I have $x_n(t)=\sin(nt)$ with $t \in [0,2\pi]$, and I have to prove that there's no $ \sigma:\mathbb N \to \mathbb N$ such that $x_{\sigma(n)}(t)$ converges for every $t$.
I have proved that there's no pointwise convergence, but I'm stuck at uniform convergence.

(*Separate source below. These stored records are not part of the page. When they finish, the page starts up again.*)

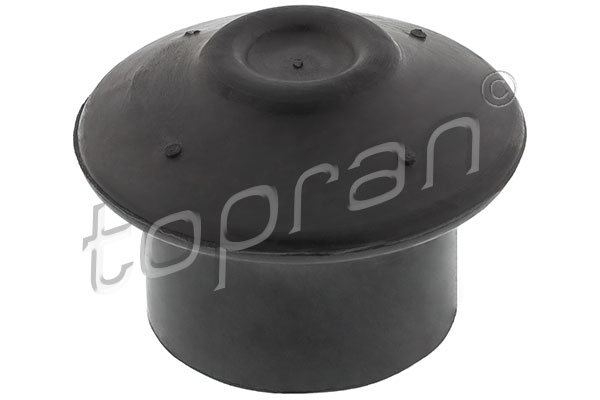 Rubber Buffer, engine mounting - 104 277 TOPRAN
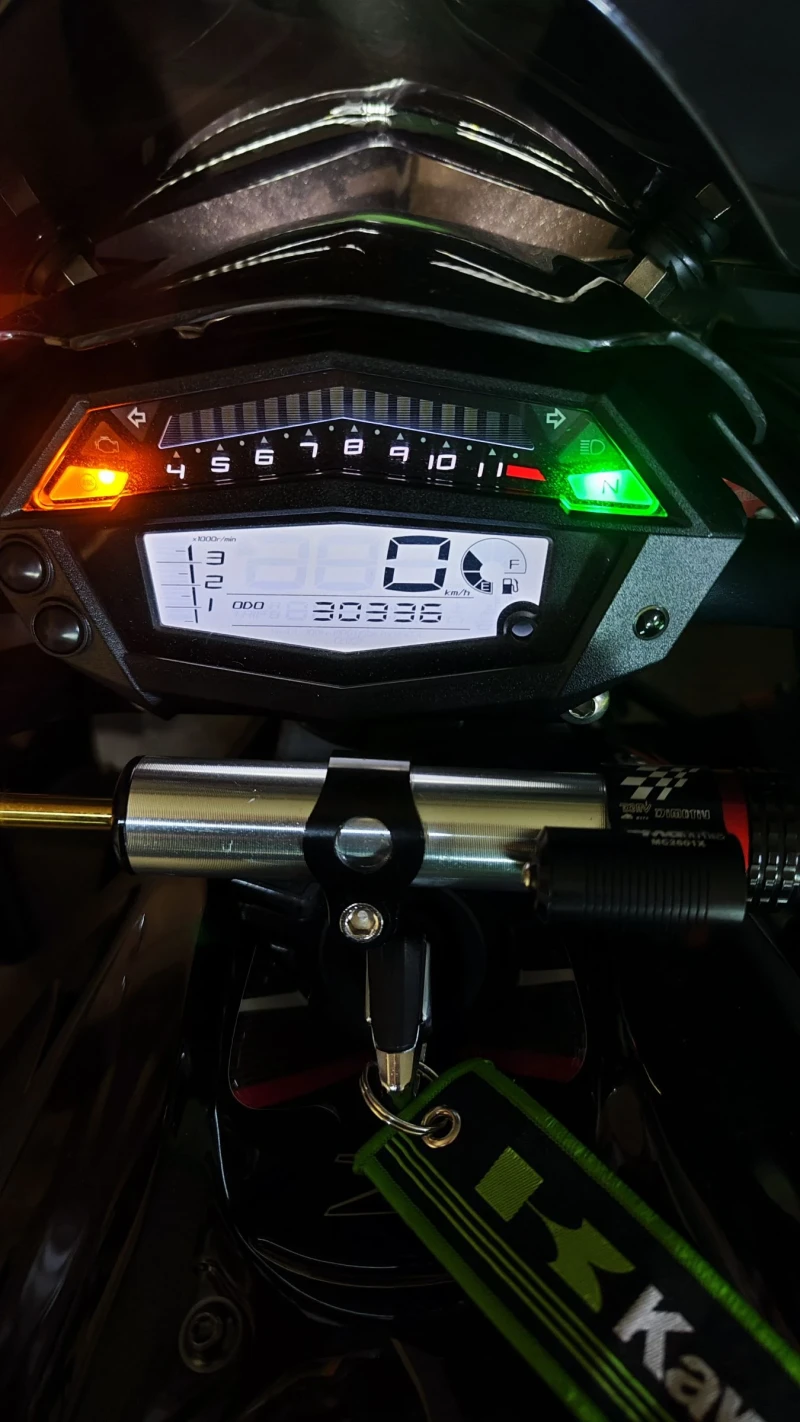 Kawasaki Z Z1000 ABS, снимка 9 - Мотоциклети и мототехника - 50450808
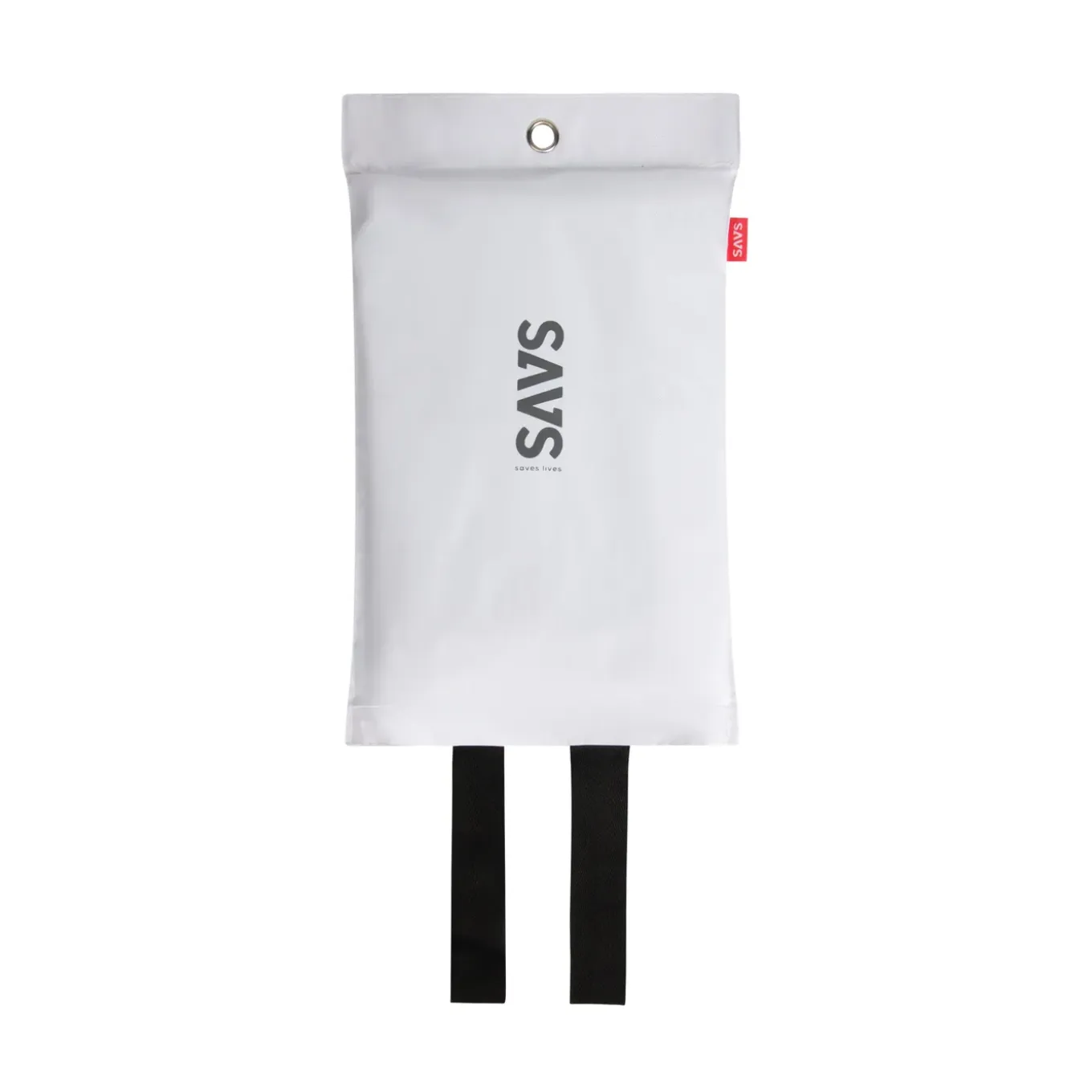 Savs Blusdeken 1 M X 1 M - Wit
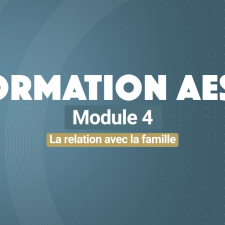 Titre FORMATION AESH Module 4 La relation avec la famille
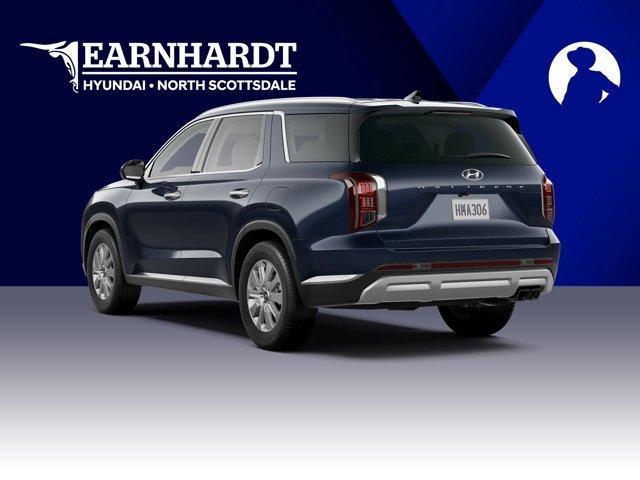 new 2024 Hyundai Palisade car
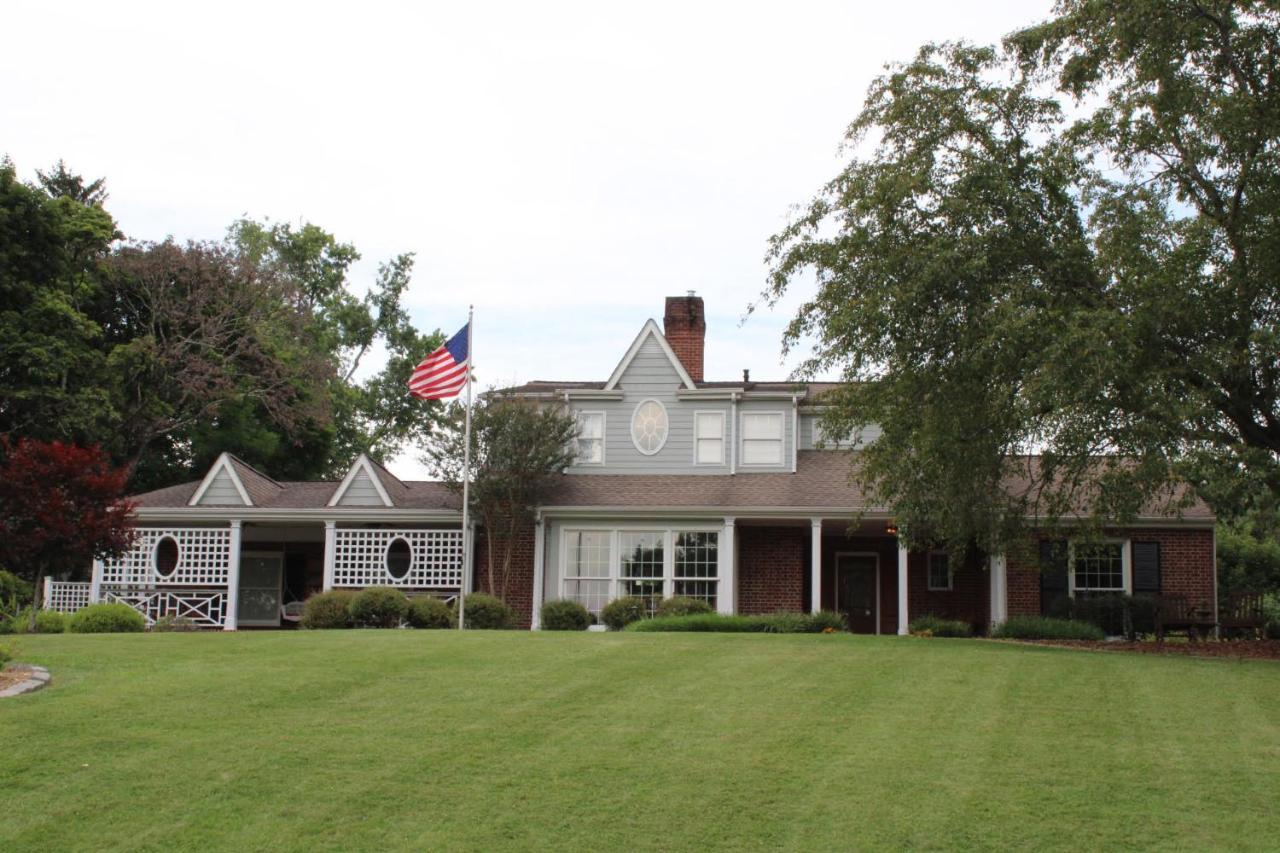 The Emory House Bed and Breakfast Buitenkant foto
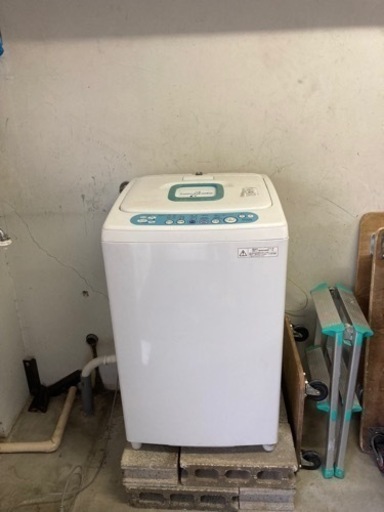 東芝 洗濯機 4.2kg
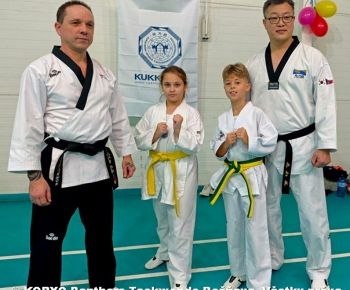 Spravodajstvo z podujatí / Záverečná správa o činnosti klubu KORYO Panthers Taekwondo Rožňava za rok 2025 - foto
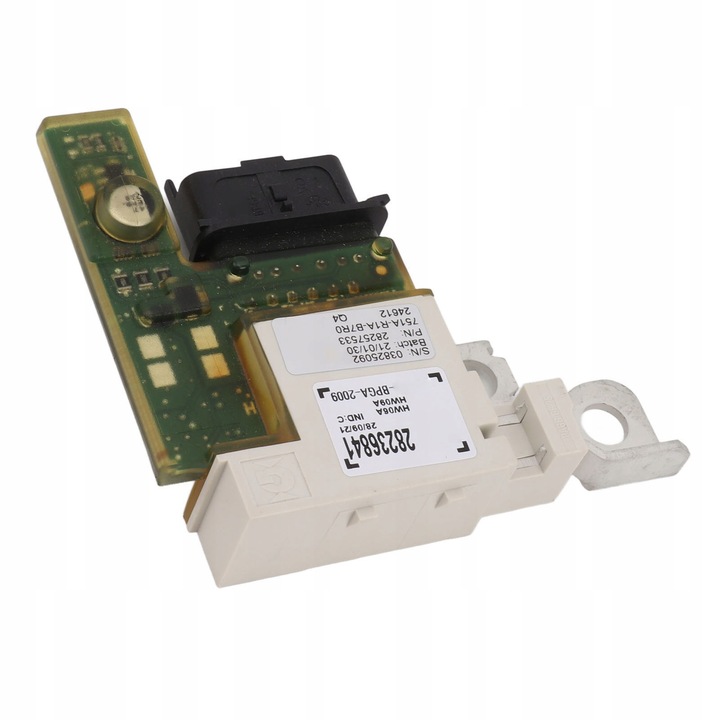 фото №9, Menedżer акумулятора коробка запобіжників 28257533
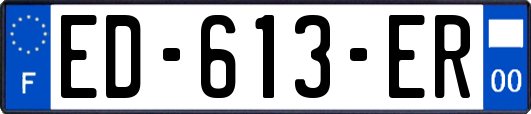 ED-613-ER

You can try proof by contradiction: supposing that theres a $\sigma$ you get: $$x_{\sigma(n)}(t)\rightarrow x_0$$ Now you pick a function $f \in C^1$ with compact support . Then, using chain rule you get $$\int\limits_{0}^{2\pi}{\sin(nt)f(t)}dt=\frac{1}{n}\int \cos(nt)f'(t)dt$$ then you have:$$\int\limits_{0}^{2\pi}{\sin(nt)f(t)}dt\rightarrow 0$$so $$x_{\sigma(n)}(t)\rightarrow x_0(t)$$ $$\int\limits_{0}^{2\pi}{x_0(t)f(t)}dt= 0 \Longrightarrow x_0(t)\equiv0 \ a.e.$$ On the other hand you have: $$\int\limits_{0}^{2\pi}{\sin^2(nt)}dt=\pi\Longrightarrow $$ so $$\int\limits_{0}^{2\pi}{x_0^2(t)}dt=\pi $$ and this is impossible because $x_0(t)\equiv0 \ a.e$